One of the trickiest groups of Ferns to identify locally are a group of Ground ferns in the Genus Hypolepis. There are three different species recorded in the park but I have only ever found two of them which are Hypolepis glandulifera (Downy Ground-fern) and Hypolepis rugulosa (Ruddy Ground-fern). Without looking carefully these ferns can be mistaken for Bracken because they have a similar growth habit with fronds popping up from a spreading underground rhizome.
Hypolepis rugulosa (Ruddy Ground-fern) seems to be more common locally at higher altitudes in the Park (e.g. Wet Forest areas around Balook). It seems to like disturbed areas at the sides of roads and tracks. Its main feature for identification in the field is the reddy-brown colour of the frond stems (Stipes).
Close up of underside of pinnule. Showing little flap with a few hairs next to the sori.
Frond showing red-brown coloured stem (Rachis)
Red-brown frond stem (Rachis)
Hypolepis rugulosa – Ruddy Ground Fern
New frond (crozier) not stickly like Downy – Ground-fern.
Hypolepis rugulosa – Ruddy Ground Fern
Base of frond (stipe) where it comes out of the ground, Chestnut brown with hairs.
Underside of fertile fronds showing arrangement of sori.
Ready brown frond stem (stipe) with small hairs.
Topside of pinnae which are slightly harsh.
Hypolepis glandulifera (Downy Ground-fern) I have found mostly at lower altitudes, especially along waterways (e.g.

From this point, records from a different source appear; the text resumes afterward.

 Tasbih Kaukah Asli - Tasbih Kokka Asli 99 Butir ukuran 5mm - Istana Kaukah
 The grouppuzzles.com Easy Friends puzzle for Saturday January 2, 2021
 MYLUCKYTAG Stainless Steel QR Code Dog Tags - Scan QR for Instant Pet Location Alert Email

Tarra River and Macks Creek). Its frond stems (Stipes) are usually a pale green colour. It usually has lots of fine hairs along the stems and the new fronds are often sticky to the touch as a result of the small glands on the tips of many of the hairs. If you have a hand lens or use a digital camera with a macro setting you can see that there is a little triangular tooth close to the sori on the underside of fertile fronds. This fern was formerly known as Hypolepis punctata.
Underside of a fertile frond, packed with sori.

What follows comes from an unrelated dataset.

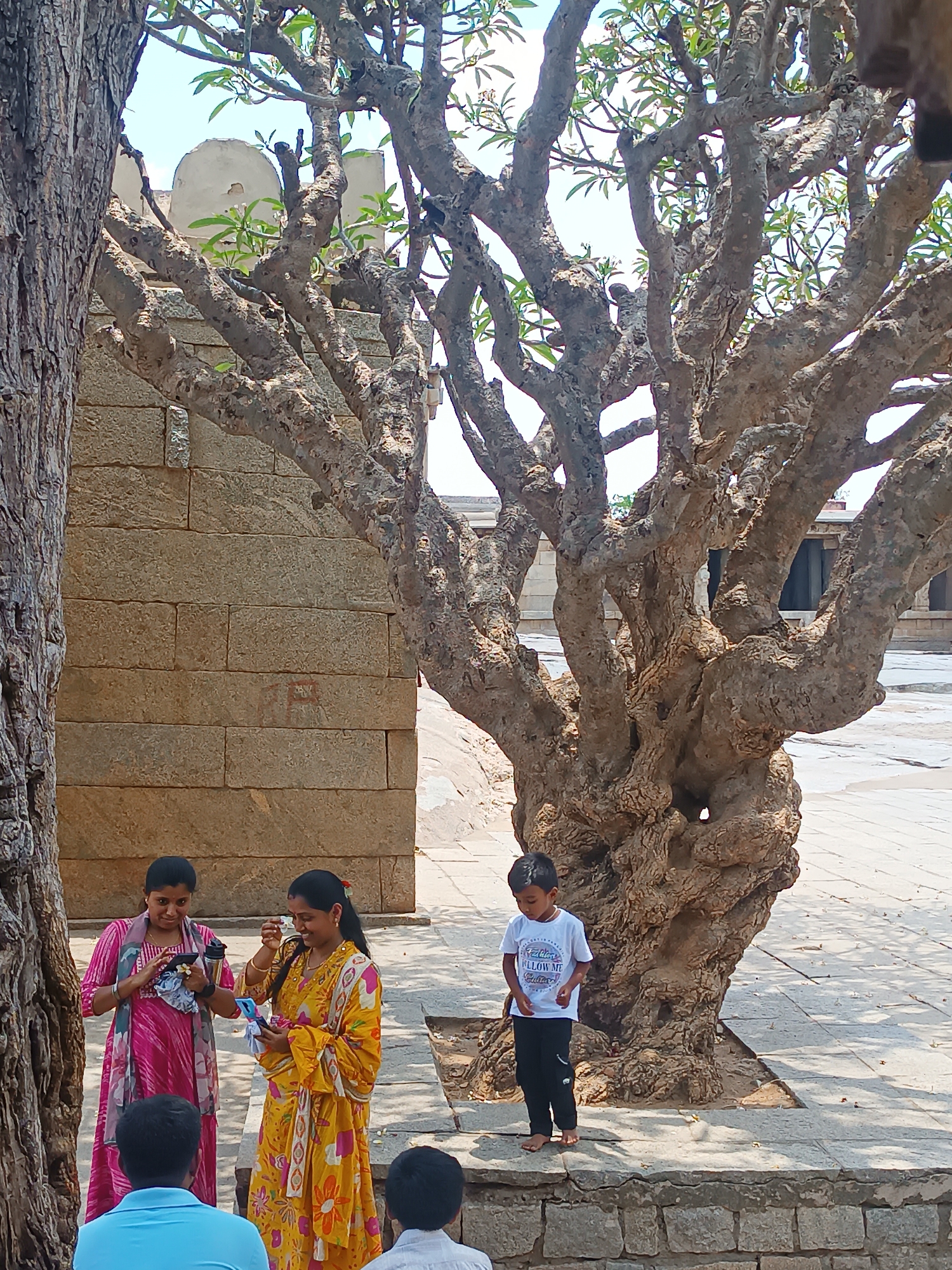 The image shows a daytime scene in the city of Unknown, Unknown, with a group of people near a large, gnarled tree. Two women, one in a pink dress and the other in a yellow floral dress, stand close together and appear to be looking at a phone or a similar electronic device. Partially visible are the backs of two men, one wearing a light blue shirt and the other a light gray shirt. A young boy in a white t-shirt and black pants stands barefoot near the tree. The tree has thick, twisted branches. Behind the group and the tree, there is a stone structure with visible brickwork. The ground is paved with large stone slabs.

New frond, which is sticky to the touch because of the soft glandular hairs.
Pinnules usually have rounded tips.
Showing the base of the fronds. Mostly a light green colour.
Sori have a small tooth shaped flap protecting them. (note this photo is magnified)
Close up of frond stem (stipe) with soft hairs, some of them with glandular tips.
Hypolepis muelleri (Harsh Ground-fern)is also listed in Park’s flora records for the but I have yet to find any. It can be identified by the presence of tiny hairs growing in the Sori on the underside of the fertile fronds.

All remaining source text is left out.